EXERCISE AIM
In the copy, every record below must appear exactly as given, and no picture may appear.

--- DATASET ENTRIES Enclosed Below ---

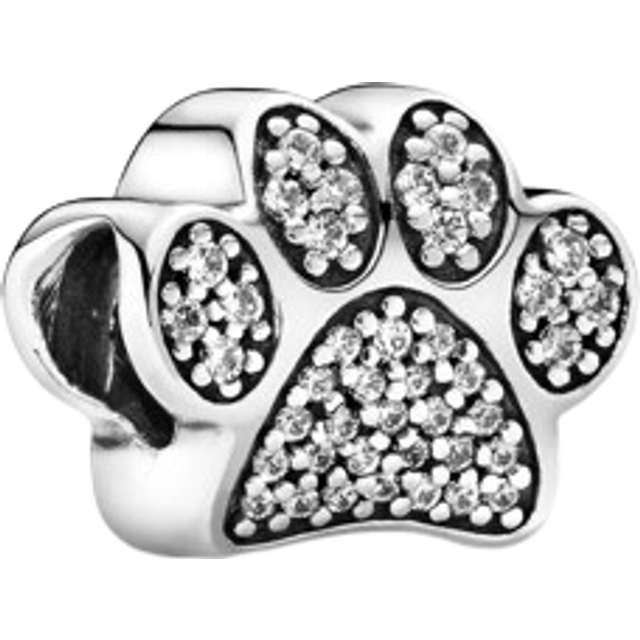 Pandora  Charms Pet Footprint Charm 791714CZ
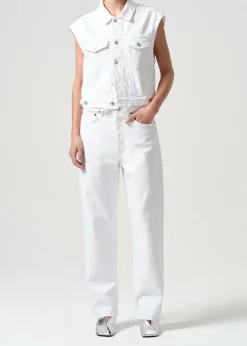 AGOLDE Charli Vest In Polar Online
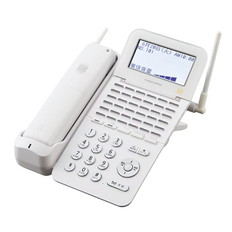 NYC-Si　36ボタンディジタルハンドルコードレス電話機(W)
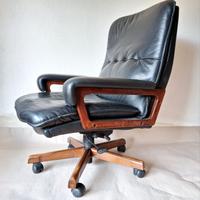 Poltrona ANDRÉ VANDENBEUCK modello King anni 70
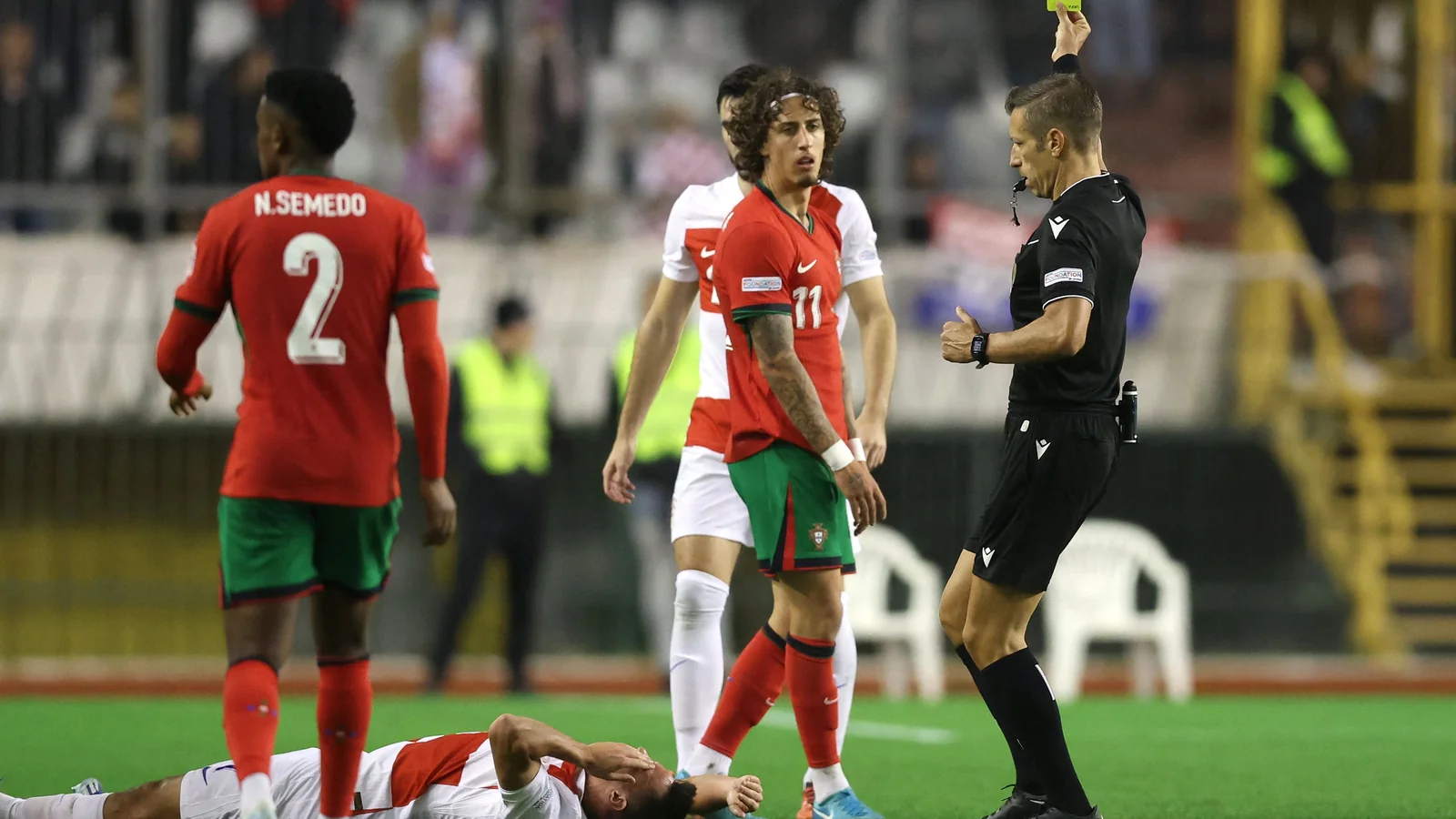 Fabio Silva feliz por su regreso a la selección de Portugal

--- End of Enclosed DATASET ENTRIES ---

RESPONSE AREA
 Pandora  Charms Pet Footprint Charm 791714CZ
 AGOLDE Charli Vest In Polar Online
 NYC-Si　36ボタンディジタルハンドルコードレス電話機(W)
 Poltrona ANDRÉ VANDENBEUCK modello King anni 70
 Fabio Silva feliz por su regreso a la selección de Portugal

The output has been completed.